ASSIGNMENT — The copy you return should hold every record below word for word and no images.

SUPPLIED RECORDS —
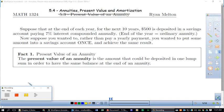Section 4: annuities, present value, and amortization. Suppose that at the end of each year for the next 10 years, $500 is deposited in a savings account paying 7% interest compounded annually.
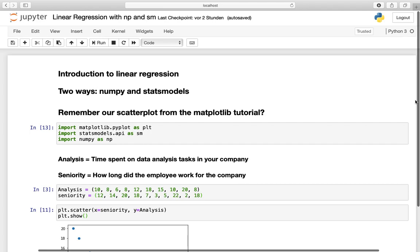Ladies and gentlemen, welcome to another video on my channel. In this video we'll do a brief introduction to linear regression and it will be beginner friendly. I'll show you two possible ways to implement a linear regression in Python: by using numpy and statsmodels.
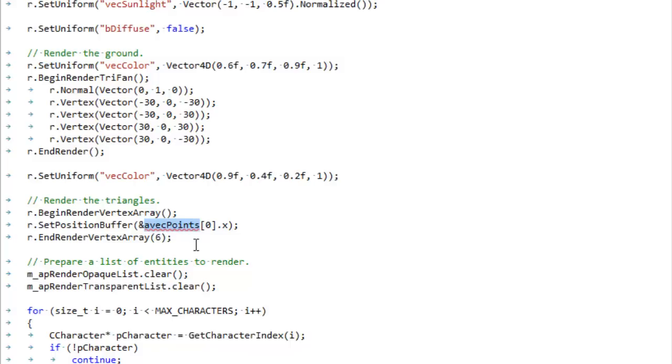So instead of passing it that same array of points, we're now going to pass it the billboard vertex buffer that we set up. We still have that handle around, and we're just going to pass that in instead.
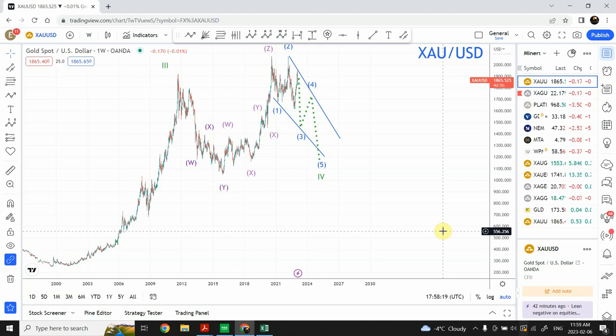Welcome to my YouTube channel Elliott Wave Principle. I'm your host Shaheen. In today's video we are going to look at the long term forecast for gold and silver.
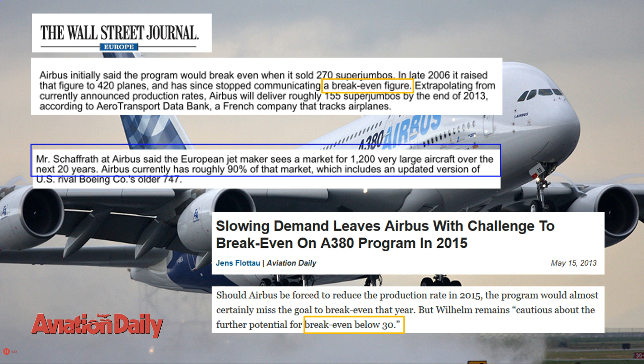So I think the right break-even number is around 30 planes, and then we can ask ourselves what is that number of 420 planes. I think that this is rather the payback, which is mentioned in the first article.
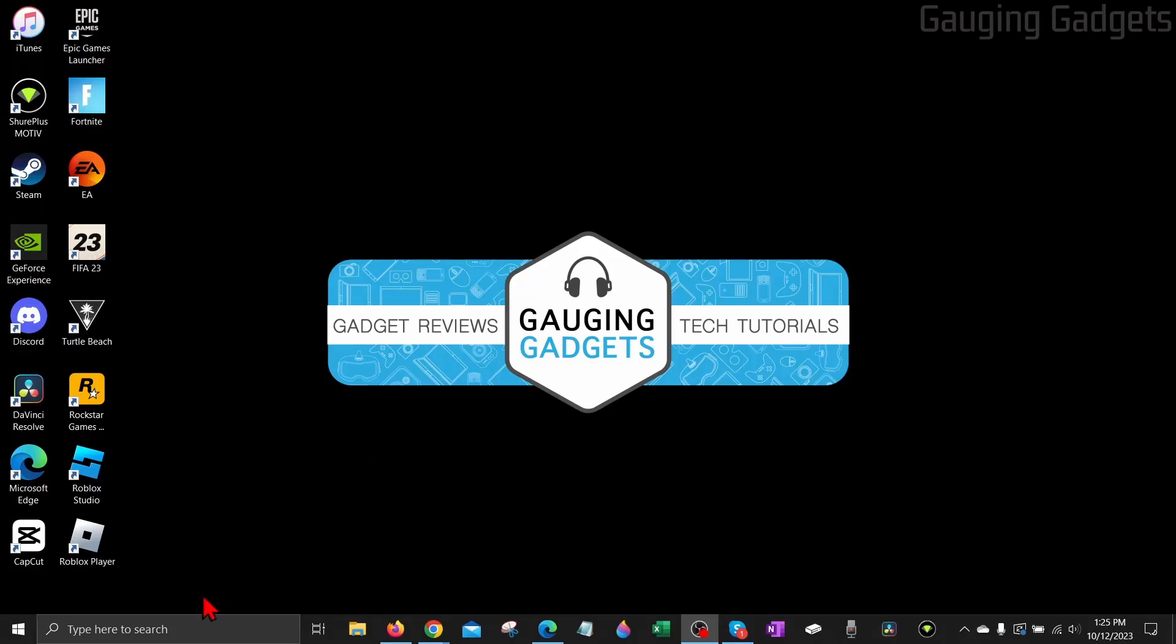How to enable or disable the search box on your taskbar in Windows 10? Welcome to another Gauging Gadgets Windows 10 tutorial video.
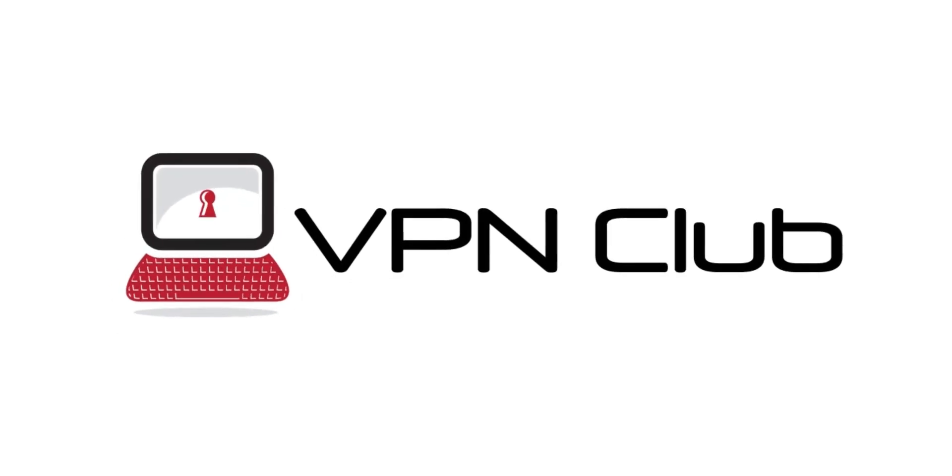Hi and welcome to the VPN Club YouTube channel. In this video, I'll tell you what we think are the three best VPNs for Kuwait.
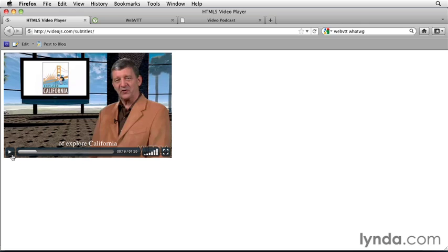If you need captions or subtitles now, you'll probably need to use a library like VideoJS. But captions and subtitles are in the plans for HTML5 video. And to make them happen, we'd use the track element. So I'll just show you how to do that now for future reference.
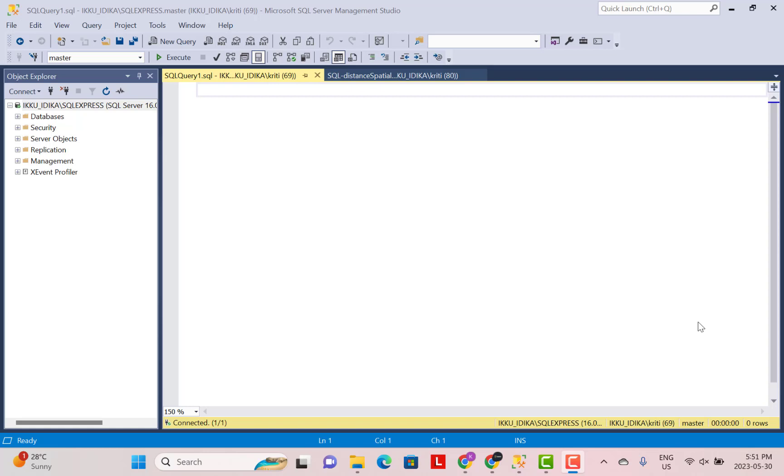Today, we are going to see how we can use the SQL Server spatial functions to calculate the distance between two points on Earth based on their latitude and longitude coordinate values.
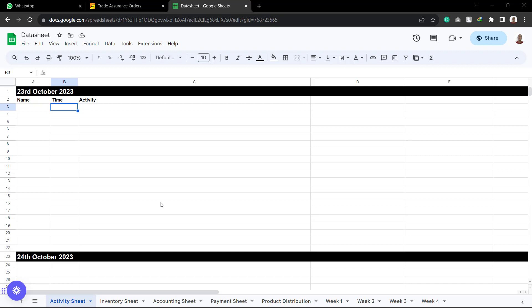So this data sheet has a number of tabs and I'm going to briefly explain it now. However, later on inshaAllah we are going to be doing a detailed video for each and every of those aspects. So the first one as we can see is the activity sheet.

OUTPUT OF THE TASK —
Section 4: annuities, present value, and amortization. Suppose that at the end of each year for the next 10 years, $500 is deposited in a savings account paying 7% interest compounded annually.
Ladies and gentlemen, welcome to another video on my channel. In this video we'll do a brief introduction to linear regression and it will be beginner friendly. I'll show you two possible ways to implement a linear regression in Python: by using numpy and statsmodels.
So instead of passing it that same array of points, we're now going to pass it the billboard vertex buffer that we set up. We still have that handle around, and we're just going to pass that in instead.
Welcome to my YouTube channel Elliott Wave Principle. I'm your host Shaheen. In today's video we are going to look at the long term forecast for gold and silver.
So I think the right break-even number is around 30 planes, and then we can ask ourselves what is that number of 420 planes. I think that this is rather the payback, which is mentioned in the first article.
How to enable or disable the search box on your taskbar in Windows 10? Welcome to another Gauging Gadgets Windows 10 tutorial video.
Hi and welcome to the VPN Club YouTube channel. In this video, I'll tell you what we think are the three best VPNs for Kuwait.
If you need captions or subtitles now, you'll probably need to use a library like VideoJS. But captions and subtitles are in the plans for HTML5 video. And to make them happen, we'd use the track element. So I'll just show you how to do that now for future reference.
Today, we are going to see how we can use the SQL Server spatial functions to calculate the distance between two points on Earth based on their latitude and longitude coordinate values.
So this data sheet has a number of tabs and I'm going to briefly explain it now. However, later on inshaAllah we are going to be doing a detailed video for each and every of those aspects. So the first one as we can see is the activity sheet.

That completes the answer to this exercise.